And this worrying trend of appointing political party and family members to government agencies and government-linked companies (GLCs) is coming just after eight months in federal power, activists said.

The new government must be transparent in these appointments as people are already talking about their political aspects, said the executive director of Centre to Combat Corruption and Cronyism (C4 Centre), Cynthia Gabriel.

“We have been observing the new government for the past eight months and this trend of political appointments is not good,” she told The Malaysian Insight.

“What are the qualifications of these new appointees? They must be open about that.

“The government must address the people’s perception on these appointments. It does not look very different from what BN had been doing,” she said.

The recent appointment of Junaidah Kiting as the new chairman of Amanah Ikhtiar Malaysia (AIM) is the latest to raise concerns as she is the wife of the prime minister’s political secretary.

At the same time, Nurul Iman Dzulkefly, who was appointed to the AIM board, is the daughter of Health Minister Dzulkefly Ahmad.

Junaidah dismissed the criticism of cronyism following her appointment to the post, saying that it was AIM’s top management which appointed her.

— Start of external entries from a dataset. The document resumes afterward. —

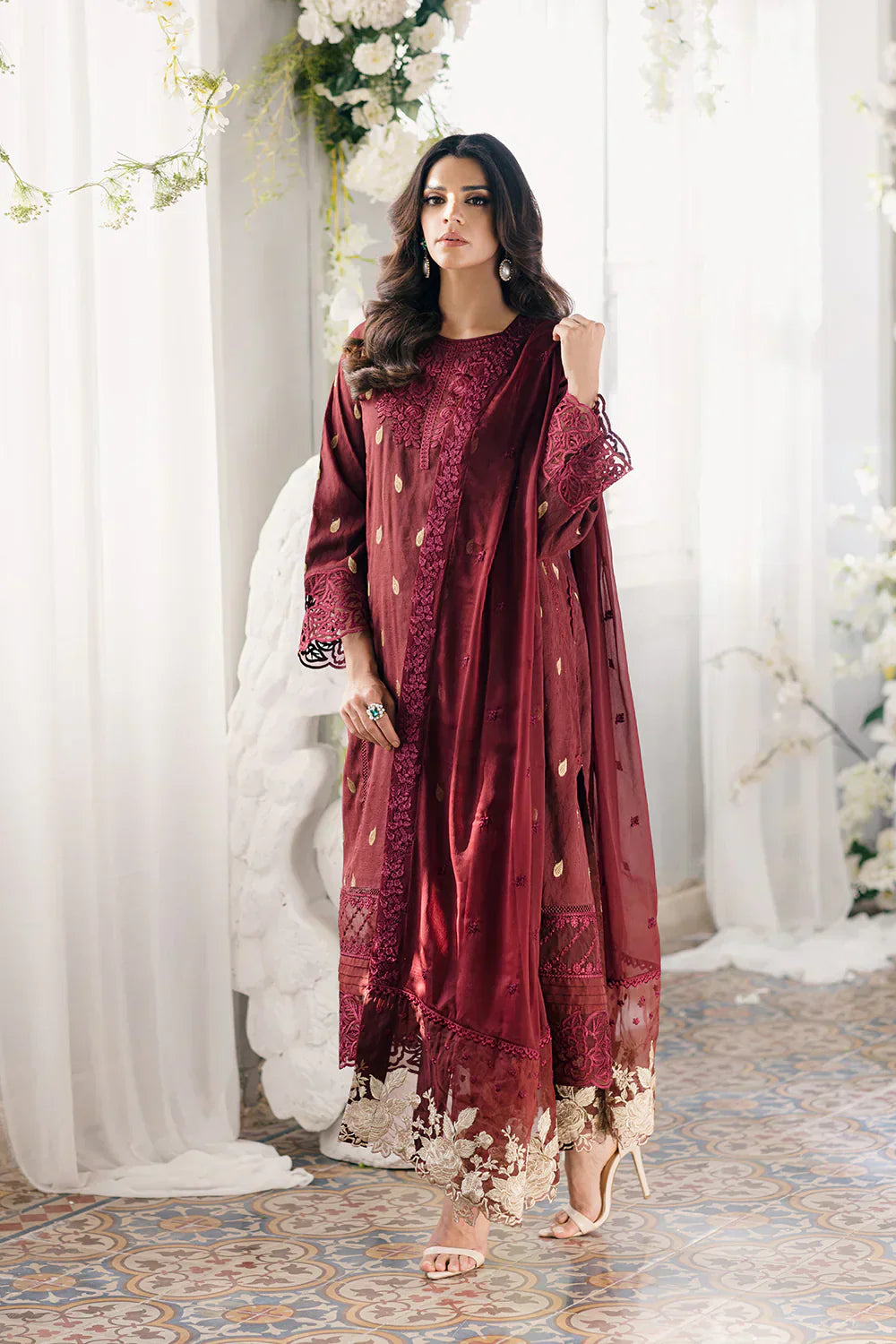 Azure | Ensembles Embroidered Formals | Imperial Wine - House Of Hania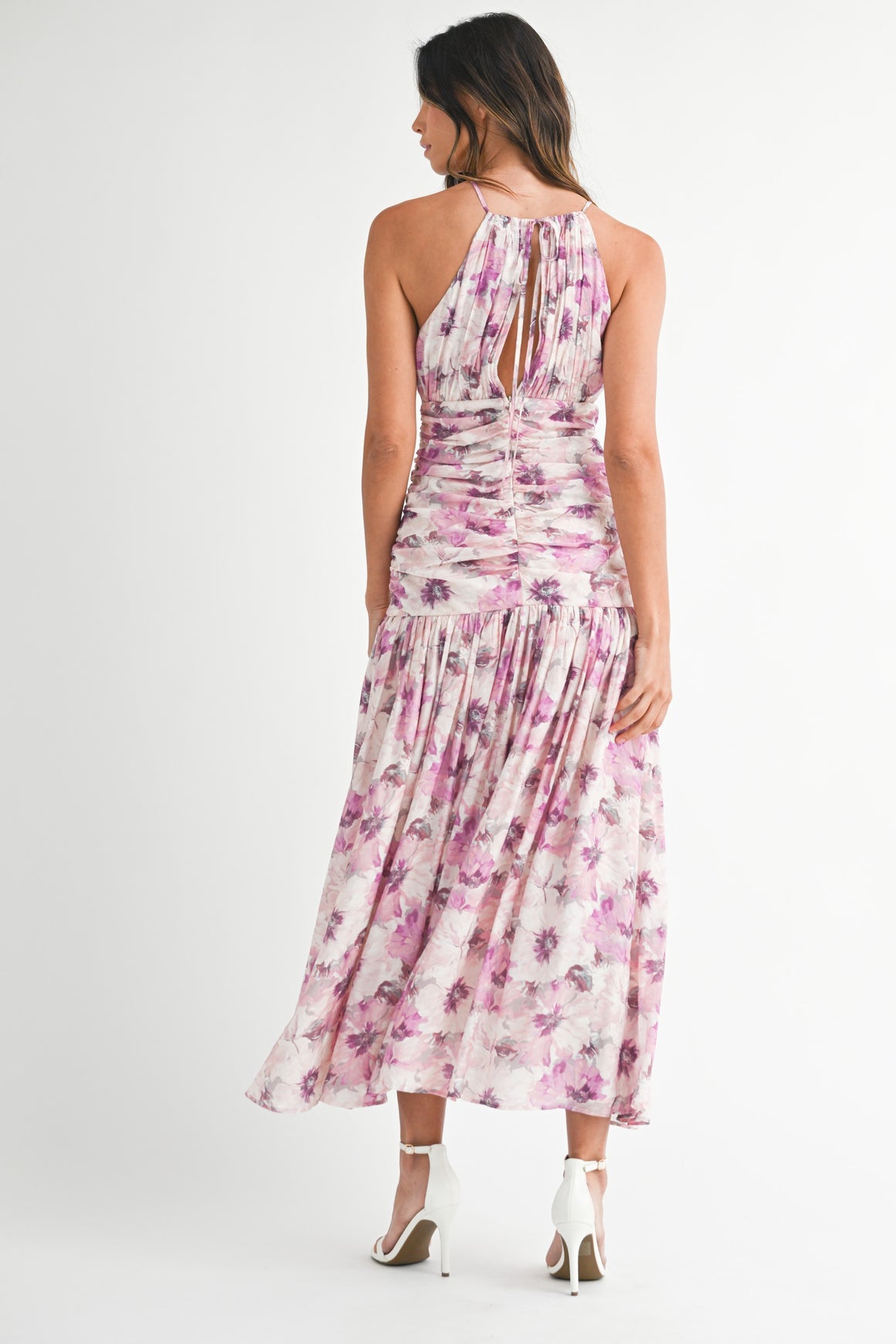 <p>Floral Print Ruched Halter Neckline Midi Dress</p> - Indigo Republic Boutique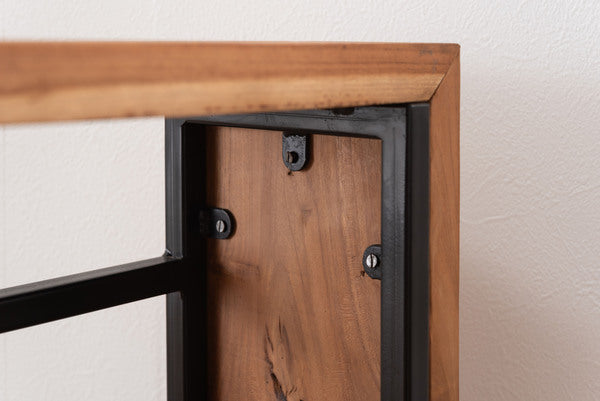 コンソール スリム テーブル スタンディングデスク 机 スリム 省スペース 幅60 玄関 キッチン アジアン モダン ブラックスチール 天然木 ブラウン ブラック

AIM is a microfinance agency established to develop female entrepreneurs.

Cynthia said the issue is the lack of transparency in these appointments.

“They need to be more transparent. The people do not know the process of changes taking place.”

Apart from the AIM appointments, the naming of two Bersatu division leaders to the board of directors of Yayasan Pelajaran Johor has also raised eyebrows.

They were originally listed in the foundation’s website with their political posts, but this was later deleted following social media criticism.

Several appointments to agencies under the Agriculture and Agro-based Industry Ministry have also raised concerns.

Its minister, Salahuddin Ayub, who is also the Amanah deputy president, recently defended appointing Mengkudu assemblyman Phahrolrazi Mohd Zawawi as chairman of National Farmers’ Organisation (Nafas).

Of the five Nafas board of directors appointed by the minister, four are from PH parties.

Other appointees included the Amanah deputy youth chief Faiz Fadzil to head the Malaysian Board of Fishery Development (LKIM) and party supreme council member Mazlan Aliman to head the Farmers’ Organisation Authority (LPP).

Earlier this month, Rural and Regional Development Minister Rina Harun, who is also Bersatu Wanita chief, appointed her party’s supreme council member and the party’s lawyer to head government agencies under her ministry.

For activist Hishamuddin Rais, the government must not only do the right thing but also be seen as doing the right thing.

“It is true those appointed have the necessary requirements, but their appointments should now raise the issue of perception, cronyism and nepotism.”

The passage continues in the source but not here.